Short text fragments from websites
---
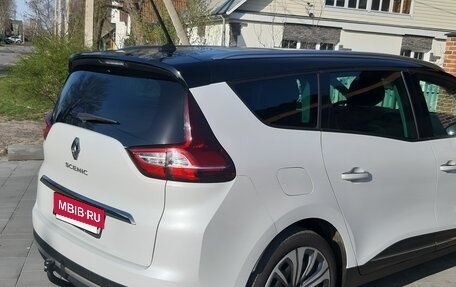 Renault Scenic IV, 2021 год, 1 899 000 рублей, 7 фотография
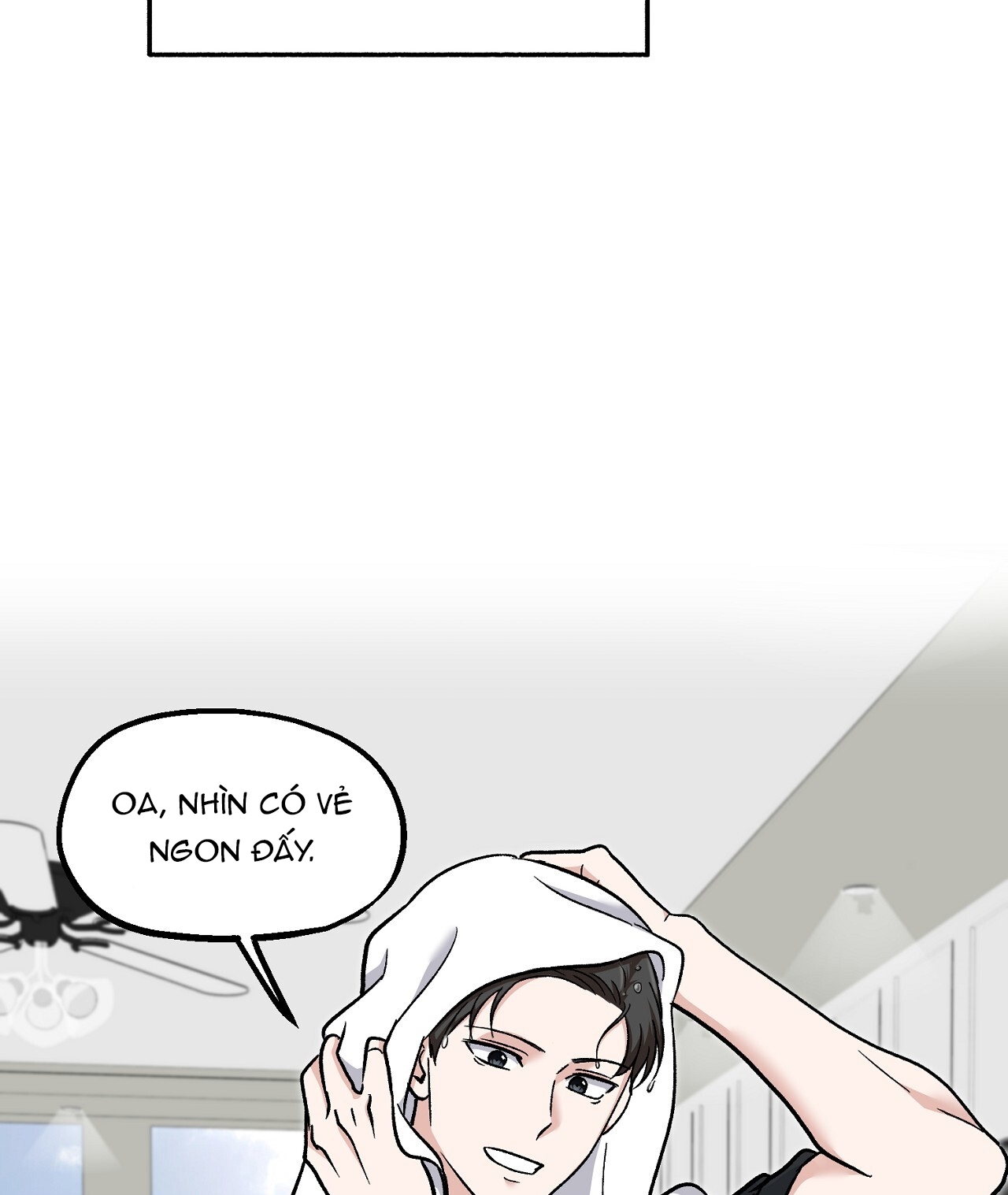 [18+] Năm Giác Quan chapter 12.2 - Trang 22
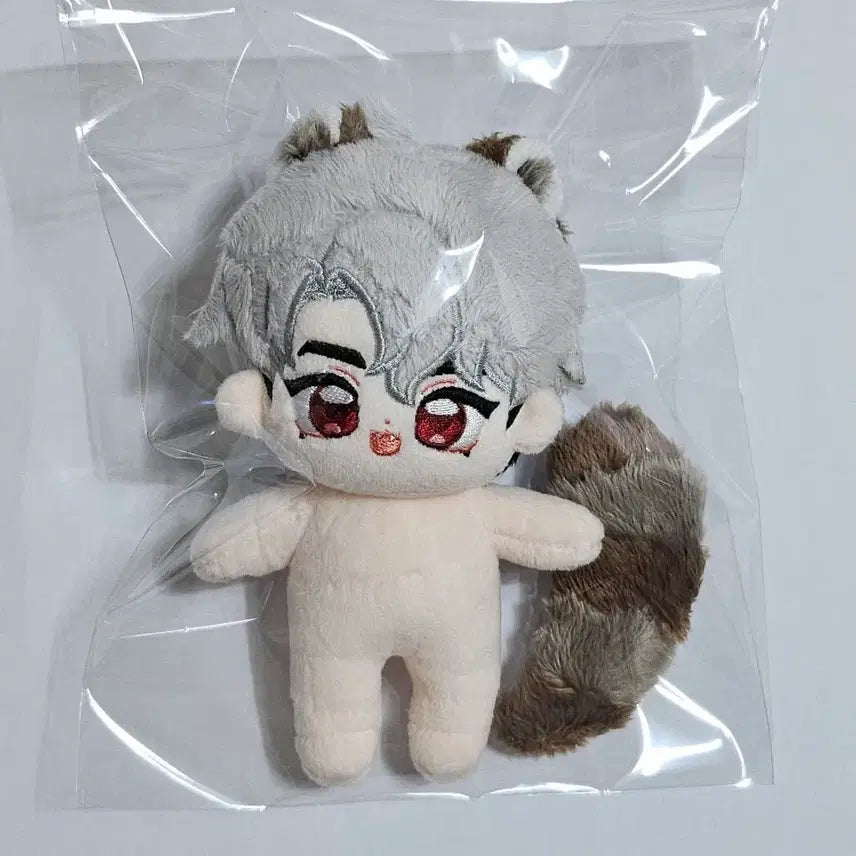 [BUNJANG] PLAVE Eunho 10cm Plushie / 너부리특공대 은호, 플레이브 은호 10cm 솜깅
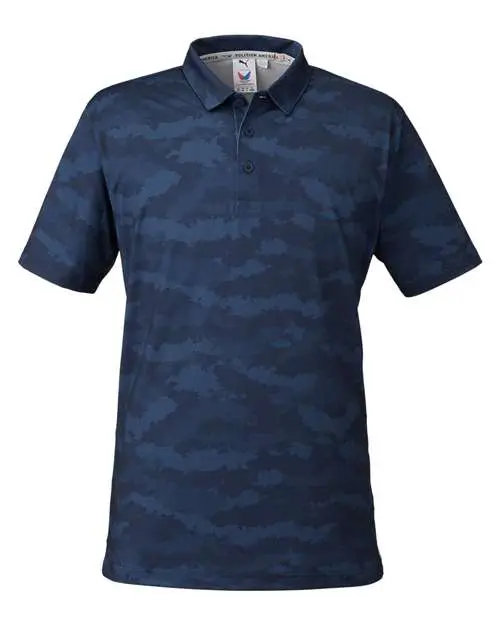Men's Mattr Volition Flanked Polo - Image 2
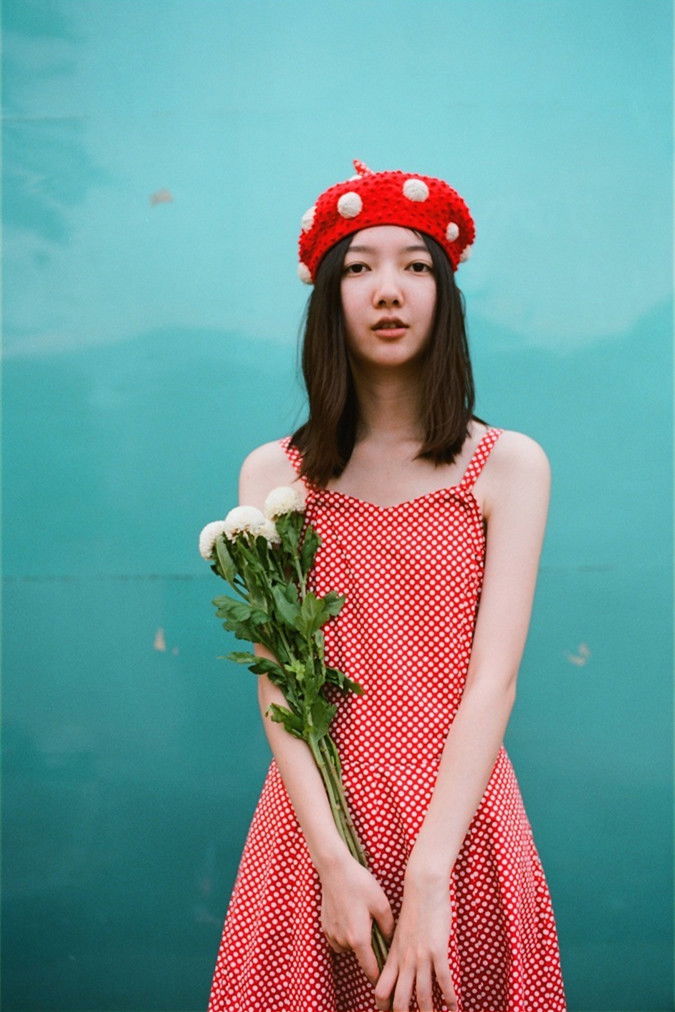 et billede af 赵怡文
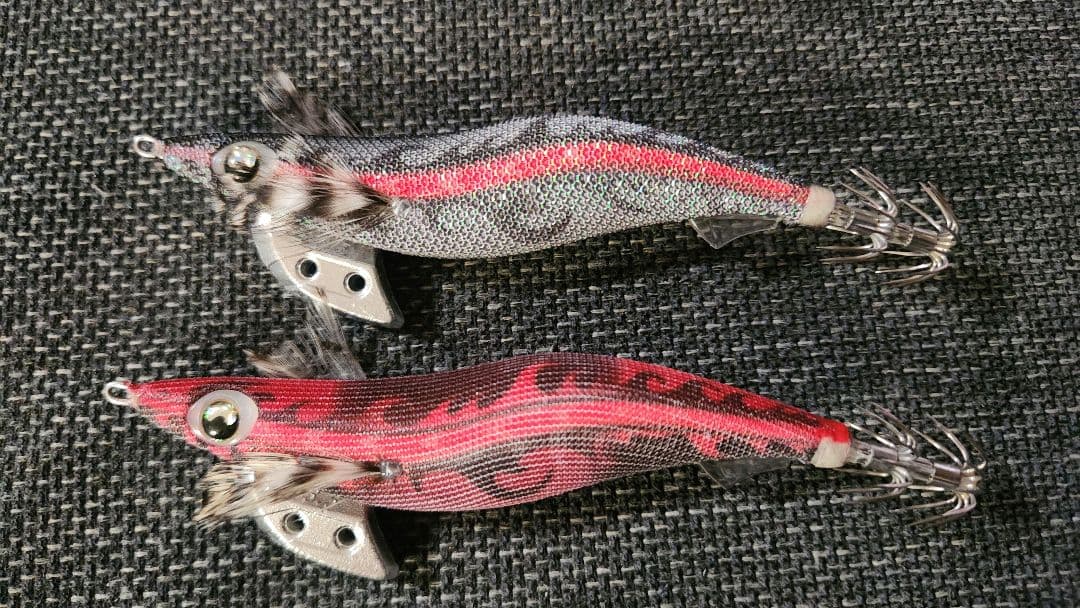 エギ王K 黒潮SP 2本セット ② - メルカリ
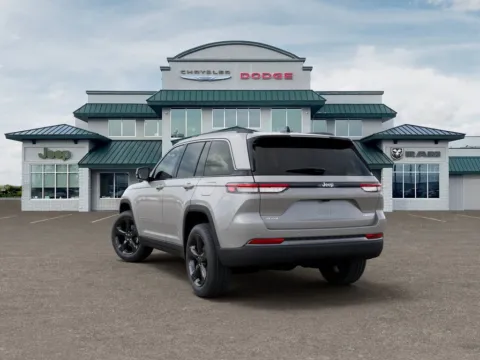 Another view of 2026 Jeep Grand Cherokee Limited for sale in Abrams, WI at Gregg Young Abrams Chrysler Dodge Jeep Ram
---
In the records above, find the line containing "[BUNJANG] PLAVE Eunho", then please restate it and each line after it word for word, pictures excluded.

 [BUNJANG] PLAVE Eunho 10cm Plushie / 너부리특공대 은호, 플레이브 은호 10cm 솜깅
Men's Mattr Volition Flanked Polo - Image 2
 et billede af 赵怡文
 エギ王K 黒潮SP 2本セット ② - メルカリ
 Another view of 2026 Jeep Grand Cherokee Limited for sale in Abrams, WI at Gregg Young Abrams Chrysler Dodge Jeep Ram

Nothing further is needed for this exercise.